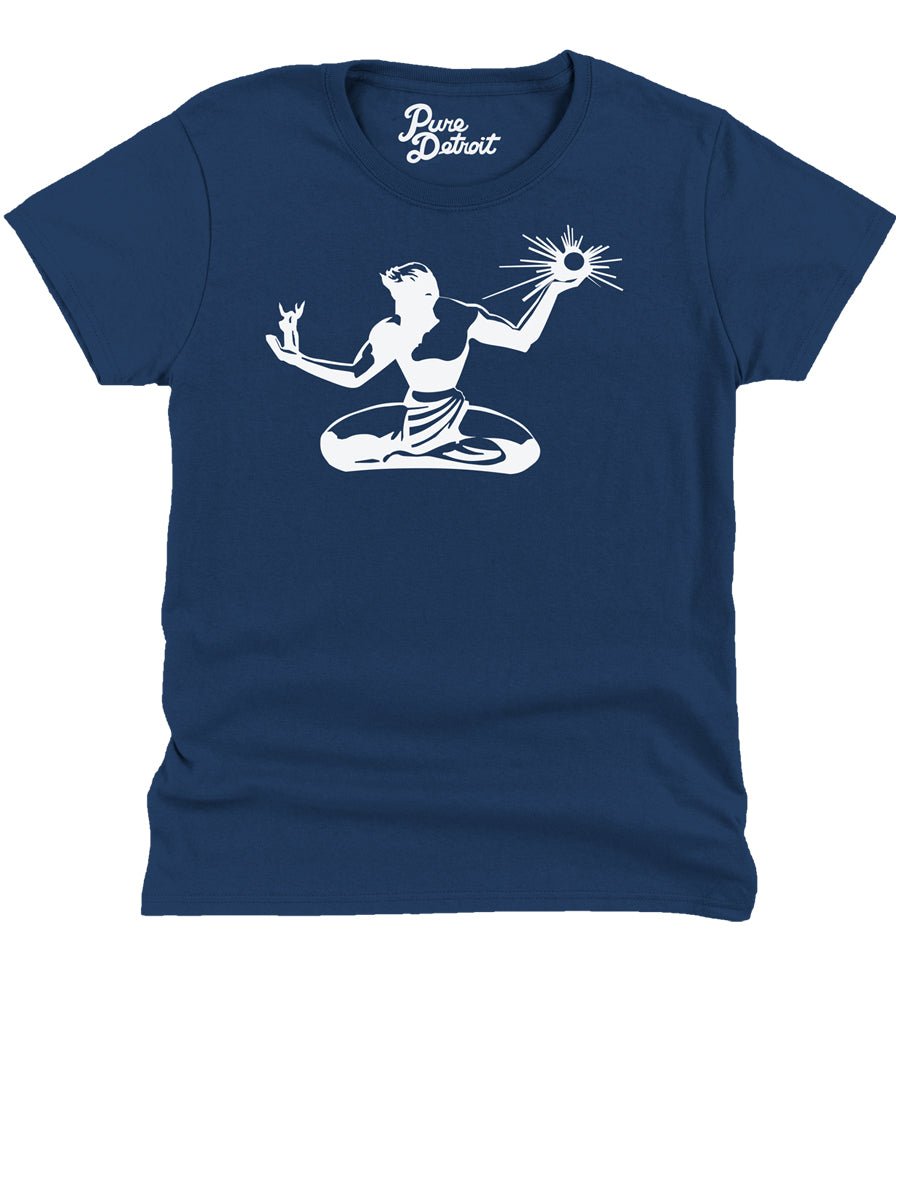 Spirit of Detroit Women's Premium Relaxed T-Shirt - White / Navy T-Shirt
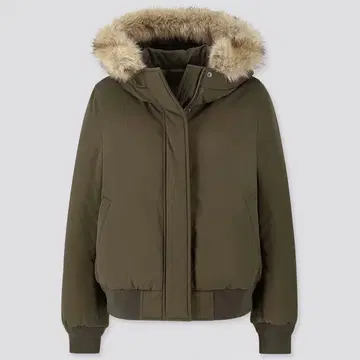 W685 UNIQLO 패디드 후데트 리브 블루종 다크 그린
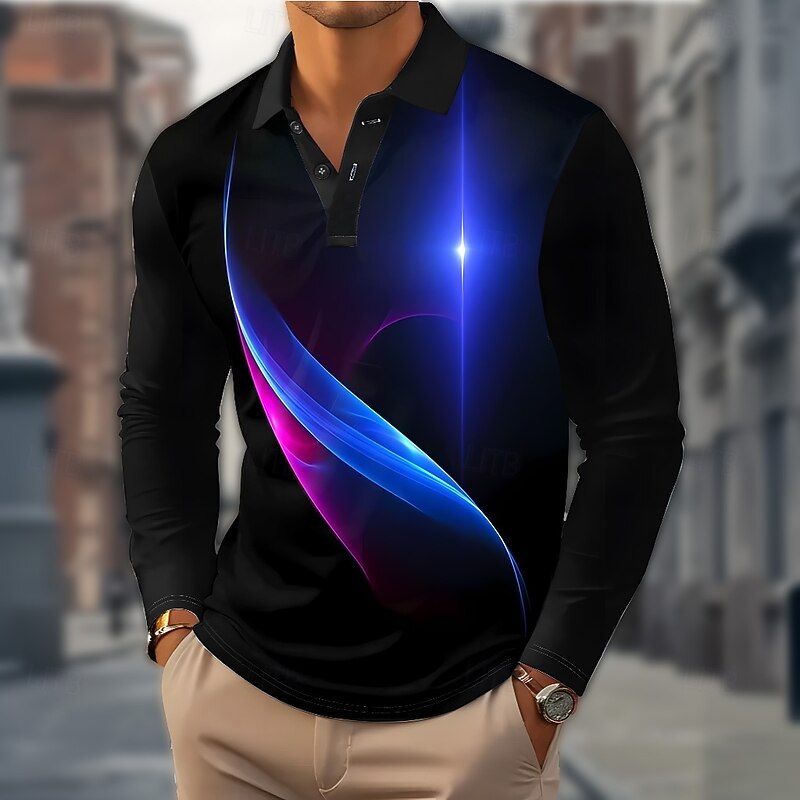 Men's Geometric Abstract Polo Long Sleeve Polo Shirts Lapel Casual Outdoor Street Athleisure Daily Wear 3D Print Buttons Spring Fall Winter Lake blue Yellow Blue3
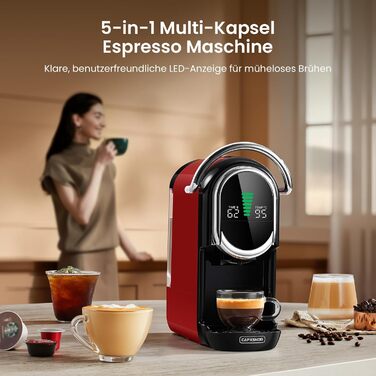 Кавомашина капсульна Magician1 Mini 5в1 для Nespresso, Dolce Gusto, Lavazza A Modo Mio, ESE 44, кавової гущі | 20 bar, 1450 W, LED-дисплей, 7 рівнів води | для дому та офісу, червона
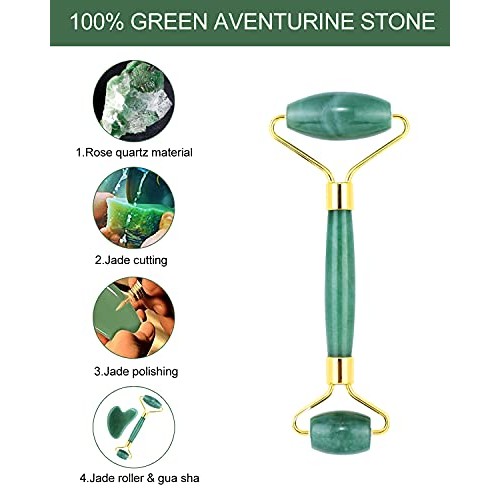 Guasha Tool for Face, Jade Roller Gua Sha Massage Tool Set, Beauty Facial Ski...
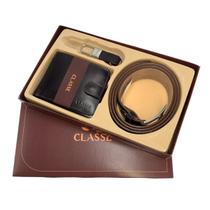 Kit Carteira Cinto Chaveiro Classe Couro Social Botão 173-1 Kit Carteira Cinto Chaveiro Classe Couro Social Botão 173-1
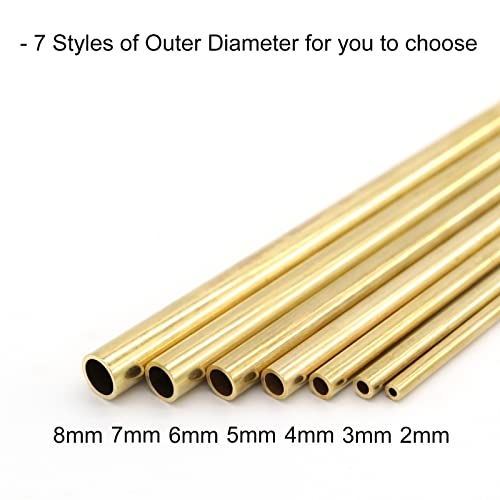 Brass Round Tube 0.5mm Wall Thickness 300mm Length Metal Seamless Straight Pipe Tubing 3pcs V99367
==============================
[Task brief]
Beginning with the line that holds "Men's Geometric Abstract", extract every line to the end of the material, exactly as it stands, and drop the pictures.

[Answer box]
 Men's Geometric Abstract Polo Long Sleeve Polo Shirts Lapel Casual Outdoor Street Athleisure Daily Wear 3D Print Buttons Spring Fall Winter Lake blue Yellow Blue3
 Кавомашина капсульна Magician1 Mini 5в1 для Nespresso, Dolce Gusto, Lavazza A Modo Mio, ESE 44, кавової гущі | 20 bar, 1450 W, LED-дисплей, 7 рівнів води | для дому та офісу, червона
 Guasha Tool for Face, Jade Roller Gua Sha Massage Tool Set, Beauty Facial Ski...
 Kit Carteira Cinto Chaveiro Classe Couro Social Botão 173-1 Kit Carteira Cinto Chaveiro Classe Couro Social Botão 173-1
 Brass Round Tube 0.5mm Wall Thickness 300mm Length Metal Seamless Straight Pipe Tubing 3pcs V99367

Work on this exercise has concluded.